- Born: Beatrice Fox July 17, 1887 Hartford, Connecticut, U.S.
- Died: November 29, 1968 (age 81) Hartford, Connecticut, U.S.
- Occupation: Businesswoman
- Known for: President and director of G. Fox & Co.
- Spouse: George Auerbach ​(m. 1911)​
- Children: 2
- Family: Gerson Fox (grandfather)

= Beatrice Fox Auerbach =

American philanthropist (1887–1968)

Beatrice Fox Auerbach (July 17, 1887 – November 29, 1968) was an American philanthropist, educator, labor reform pioneer, and president and director of G. Fox & Co. from 1938 to 1959. Upon her father's death in 1938, she took over the Hartford, Connecticut-based G. Fox & Co. Under her stewardship, it became the largest department store in New England.

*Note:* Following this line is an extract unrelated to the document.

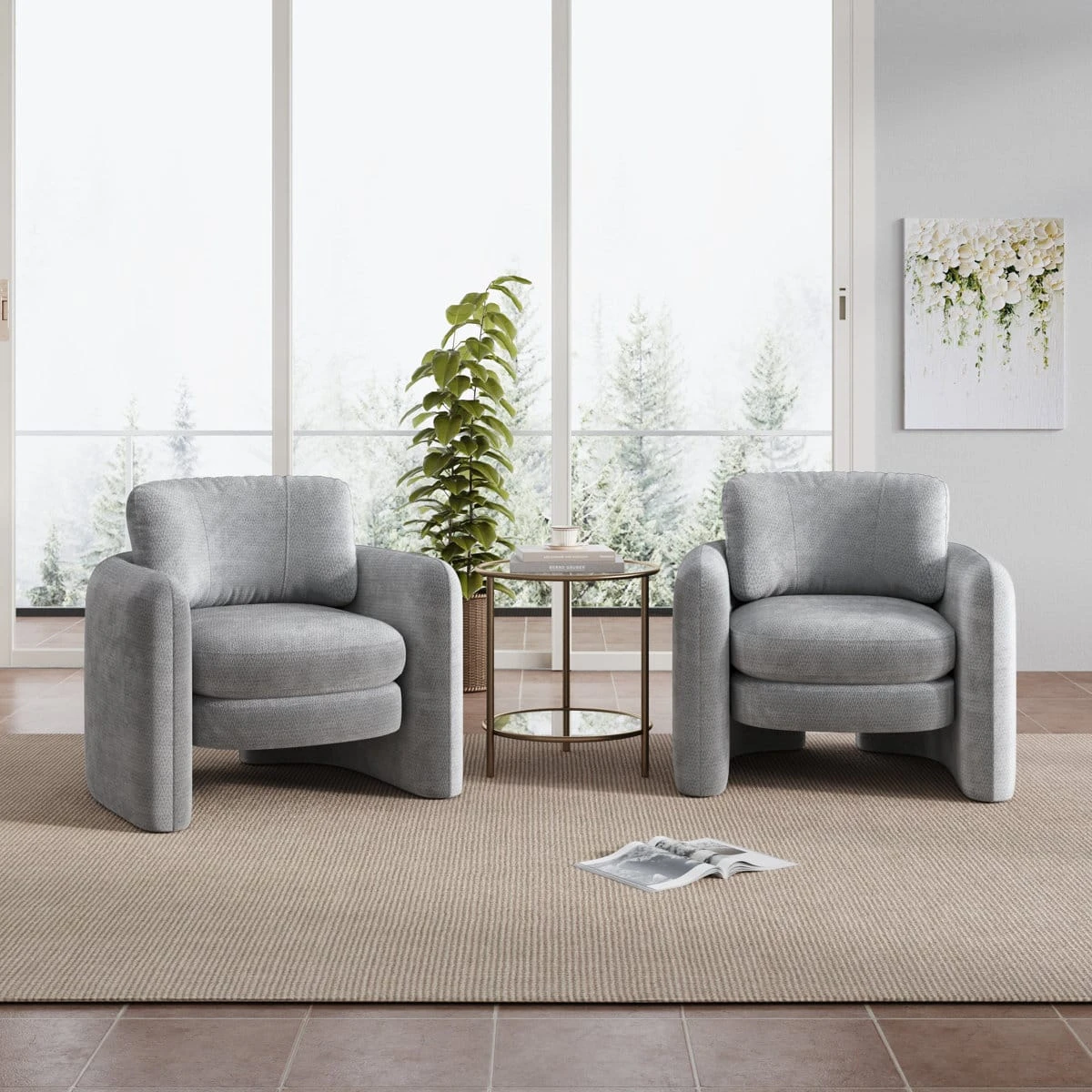 Two matching grey accent chairs displayed with a round side table in a bright room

While executive of this enterprise she also led the nation in labor reform programs such as the 40-hour work week and a retirement program. As a female executive, she recognized the importance of educating women in business and management. From 1938 to 1959, she made her store available to the Connecticut College for Women (now Connecticut College) as a training program for retail education. After creating the Beatrice Fox Auerbach Foundation, she began extensively investing her time in various philanthropies. In 1945, she established the Service Bureau for Women's Organizations. After 29 years as an executive, she sold the business to the May Company in 1965. Auerbach died in Hartford on November 29, 1968. She was inducted into the Connecticut Women's Hall of Fame in 1994.

== Early life and education ==
Beatrice Fox was born to a Jewish family on July 17, 1887, in Hartford, Connecticut. Born to Moses and Theresa Fox, she was the eldest of two daughters. Her father Moses was the son of Gerson Fox, founder of the G. Fox and Co. department store in Hartford, an enterprise of which she would later become the president. Beatrice was well traveled and attended several schools, although she did not obtain a degree. After marrying George Auerbach in 1911, she moved to Salt Lake City, where his family owned a department store.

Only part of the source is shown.